Lipid biosynthesis pathway including de novo fatty acid synthesis and elongation, and TAG synthesis. A total of 87 DEGs were identified from 376 lipid-related DEGs, which were placed in the pathway. The first seven columns represent the seven time points of Ha vs L (from left to right: 15–65DAF and 85DAF) and the last seven columns represent the seven time points of Hb vs L (from left to right: 15–65DAF and 85DAF), and the rows indicates the different lipid-related DEGs, which were placed near the enzyme name to show the differences in the expression of enzyme-encoding genes at different stages. Each block represents the relative expressions of DEGs using the log2 fold change of relative intensity in high-oil varieties (Ha and Hb) compared with low-oil variety (L). Red represents up-regulation of genes, while blue represents down-regulation of genes

There is increasing evidence that many TFs participate in lipid synthesis, during which they activate some key enzymes related to oil biosynthesis to induce oil accumulation (Baud and Lepiniec 2010; Courchesne et al. 2009). The ABI3, FUS3, -LEC1, and LEC2 genes encode the master regulators of gene networks governing most seed developmental mechanisms (To et al. 2006; Wang and Perry 2013).
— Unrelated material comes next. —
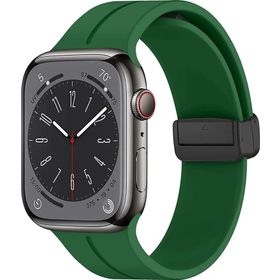 Microsonic Apple Watch Series 8 45 mm Ribbon Line Yeşil Kordon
A recent study confirmed that ABI3 is an important regulator of oil accumulation and revealed for the first time the direct correlation between ABI3 overexpression and increased lipid contents in plants (Pouvreau et al. 2020). The main effects of LEC1, LEC2, and FUS3 on lipid accumulation are due to their direct or indirect regulation of the expression of the WRINKLED1 (WRI1) TF gene (Marchive et al. 2014). The WRI1 TF gene belongs to the AP2/EREBP family (Cernac and Benning 2004; Riechmann et al. 2016). This TF directly regulates the accumulation and storage of oil in seeds and mediates the production of enough oil for developing seeds (Cernac et al. 2006). The overexpression of WRI1 in A. thaliana can increase the fatty acid content, but also regulates pyruvate kinase, ACCase, the biotin carboxyl carrier protein, and enoyl-ACP reductase, which affect glycolysis and the fatty acid biosynthesis pathway (Baud et al. 2009; Courchesne et al. 2009; Liu et al. 2010; Maeo et al. 2009). The protein encoded by the WRI1a gene can actively regulate oil accumulation in soybean (Chen et al. 2018a). Other studies demonstrated that Dof (DNA binding with one finger), which is a plant-specific TF, regulates fatty acid synthesis (Diaz et al. 2002; Ibanez-Salazar et al. 2014). The 28 Dof genes in soybean are involved in the regulation of oil synthesis. The overexpression of GmDof4 and GmDof11 can increase the expression of genes encoding ACCase and long-chain acetyl-CoA synthetase, while also increasing the total fatty acid and lipid contents in transgenic A. thaliana seeds (Wang et al. 2007). The fatty acid synthesis-related TF genes identified in this study belonged to the ABI3VP1, AP2-EREBP, and C2C2-Dof families, with 291, 253, and 70 predicted genes, respectively. Among these genes, the expression levels of 11 genes differed significantly among the varieties, including three ABI3VP1 genes, six AP2-EREBP genes, and two C2C2-Dof genes (Supplementary Fig. 4).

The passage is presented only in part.